Bingham Loop is a station and turning loop at the eastern terminus of the 503 Kingston Rd streetcar lines of the Toronto Transit Commission (TTC). It lies between Victoria Park Avenue and Bingham Avenue, just north of Kingston Road in Toronto. 

Streetcars loop anticlockwise from Victoria Park Avenue and stop on the south side of the platform, while buses enter in the other direction from Bingham Avenue and stop on the north side. The island platform is covered by a one-piece  long canopy. A small brick building provides facilities for TTC staff.

History
The private Toronto and Scarboro' Electric Railway, Light and Power Company had operated the single track Scarboro radial line along Kingston Road to West Hill. When the TTC assumed the route between Queen Street and Victoria Park in 1922, they double tracked the line and built the return loop at Bingham.
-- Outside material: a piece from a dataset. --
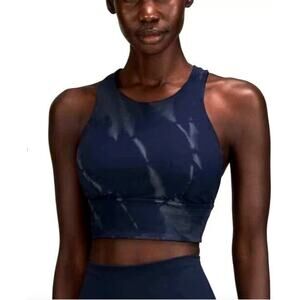 Lululemon Wunder Train Longline Bra Fade Everlux Size 10 Medium Support EUC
In 1927, the TTC took over operation of the Scarboro radial line, which terminated on the east side of Victoria Park Avenue, and connected it to the Bingham Loop so that radial cars could be stored at Russell Carhouse. In 1928, the TTC extended the double track east to Birchmount Loop replacing the Scarboro radial line to that point. The Bingham Loop was rebuilt in 1954, with one track removed to accommodate buses as it is today, and streetcar service east of Victoria Park was discontinued.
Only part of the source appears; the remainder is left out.